ACTION ITEM. When you reach the line with "Secretary of State" in the listing below, transcribe it and each line after it up to and including the line with "Imagem Lindenberg Alto", exactly and with nothing else.
====== ENTRIES SHOWN ======
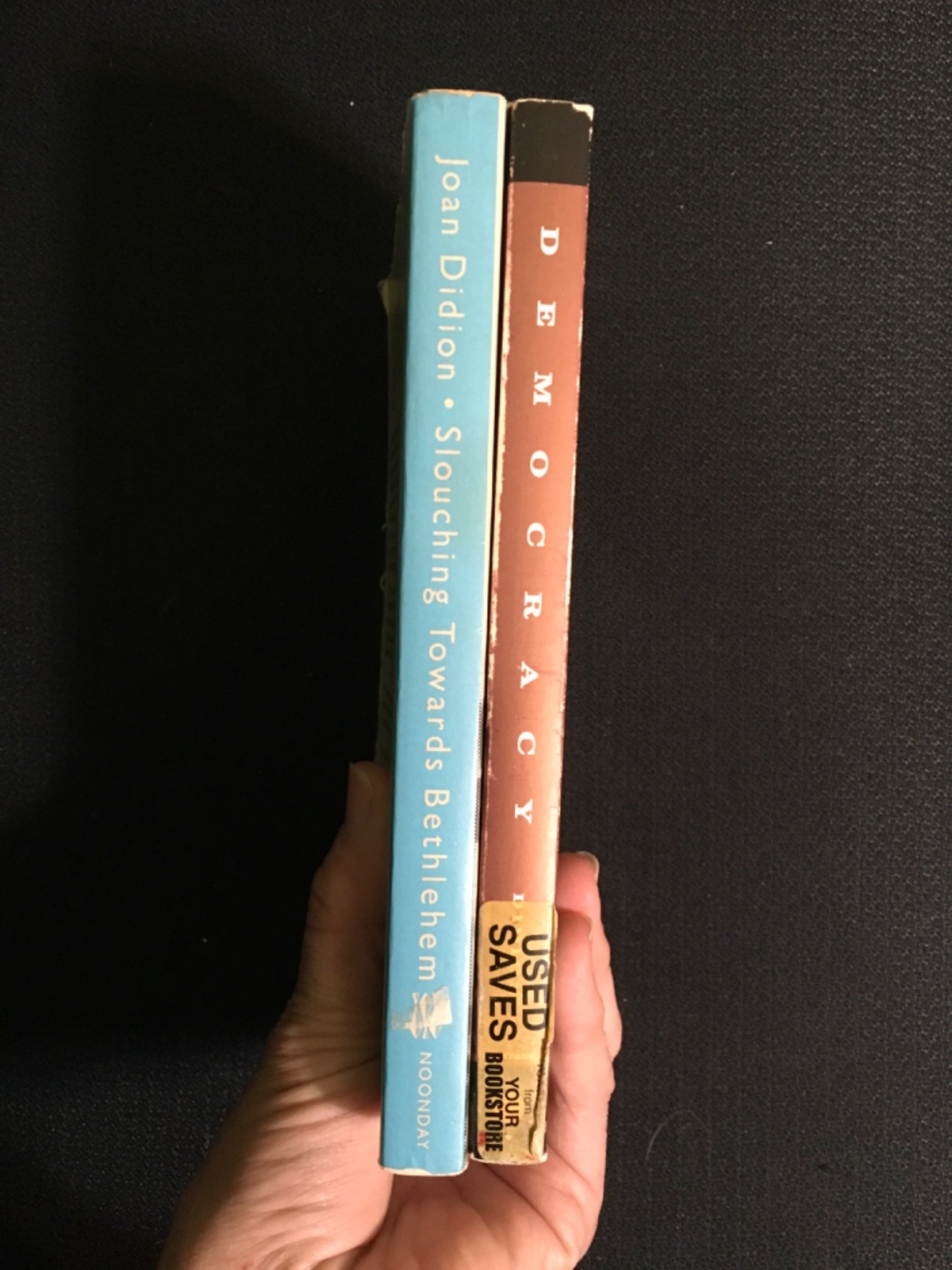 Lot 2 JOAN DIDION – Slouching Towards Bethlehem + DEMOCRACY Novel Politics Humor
======
====== ENTRIES SHOWN ======
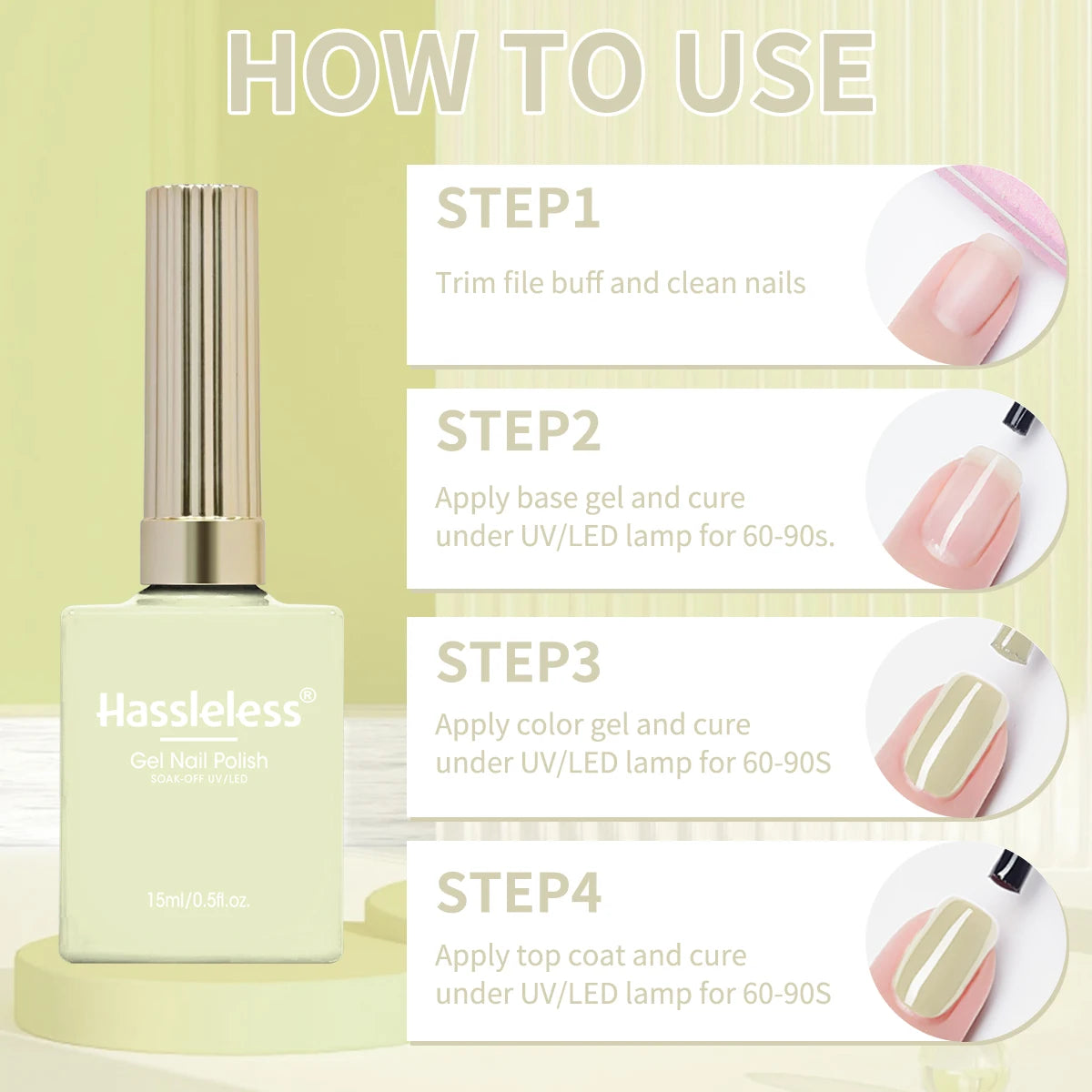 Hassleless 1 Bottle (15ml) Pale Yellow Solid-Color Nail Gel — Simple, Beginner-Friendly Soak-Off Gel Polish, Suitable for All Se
======
====== ENTRIES SHOWN ======
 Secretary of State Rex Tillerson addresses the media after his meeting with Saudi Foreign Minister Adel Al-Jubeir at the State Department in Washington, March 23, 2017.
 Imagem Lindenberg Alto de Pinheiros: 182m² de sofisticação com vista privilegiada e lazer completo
======
RESPONSE FOR THIS EXERCISE.
 Secretary of State Rex Tillerson addresses the media after his meeting with Saudi Foreign Minister Adel Al-Jubeir at the State Department in Washington, March 23, 2017.
 Imagem Lindenberg Alto de Pinheiros: 182m² de sofisticação com vista privilegiada e lazer completo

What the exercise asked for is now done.